WHAT TO PRODUCE:
Keep to one stretch of the data below, the lines from the one with "Футболка оверсайз мужская" up to and including the one with "Waffle Knit Cuff Beanie", and return that stretch exactly.

○ ○ ○ ○

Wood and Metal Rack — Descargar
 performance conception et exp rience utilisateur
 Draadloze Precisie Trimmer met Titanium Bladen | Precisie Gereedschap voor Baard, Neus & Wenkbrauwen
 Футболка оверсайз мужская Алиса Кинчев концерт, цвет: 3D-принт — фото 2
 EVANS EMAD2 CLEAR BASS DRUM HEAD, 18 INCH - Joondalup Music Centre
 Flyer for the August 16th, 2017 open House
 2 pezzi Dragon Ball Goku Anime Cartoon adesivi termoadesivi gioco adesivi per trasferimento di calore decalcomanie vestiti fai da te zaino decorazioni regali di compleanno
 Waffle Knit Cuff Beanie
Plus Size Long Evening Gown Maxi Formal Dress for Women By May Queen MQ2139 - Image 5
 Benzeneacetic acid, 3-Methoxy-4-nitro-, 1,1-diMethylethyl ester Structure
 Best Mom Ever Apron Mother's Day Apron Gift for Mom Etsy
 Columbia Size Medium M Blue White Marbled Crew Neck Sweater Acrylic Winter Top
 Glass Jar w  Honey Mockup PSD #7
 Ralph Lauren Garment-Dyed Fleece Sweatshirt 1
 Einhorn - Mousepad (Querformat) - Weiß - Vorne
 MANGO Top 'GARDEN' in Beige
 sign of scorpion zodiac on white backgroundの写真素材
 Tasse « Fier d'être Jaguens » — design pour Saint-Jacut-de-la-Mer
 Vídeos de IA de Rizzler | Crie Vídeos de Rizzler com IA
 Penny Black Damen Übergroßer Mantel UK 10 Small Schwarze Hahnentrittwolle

○ ○ ○ ○

TASK RESPONSE:
 Футболка оверсайз мужская Алиса Кинчев концерт, цвет: 3D-принт — фото 2
 EVANS EMAD2 CLEAR BASS DRUM HEAD, 18 INCH - Joondalup Music Centre
 Flyer for the August 16th, 2017 open House
 2 pezzi Dragon Ball Goku Anime Cartoon adesivi termoadesivi gioco adesivi per trasferimento di calore decalcomanie vestiti fai da te zaino decorazioni regali di compleanno
 Waffle Knit Cuff Beanie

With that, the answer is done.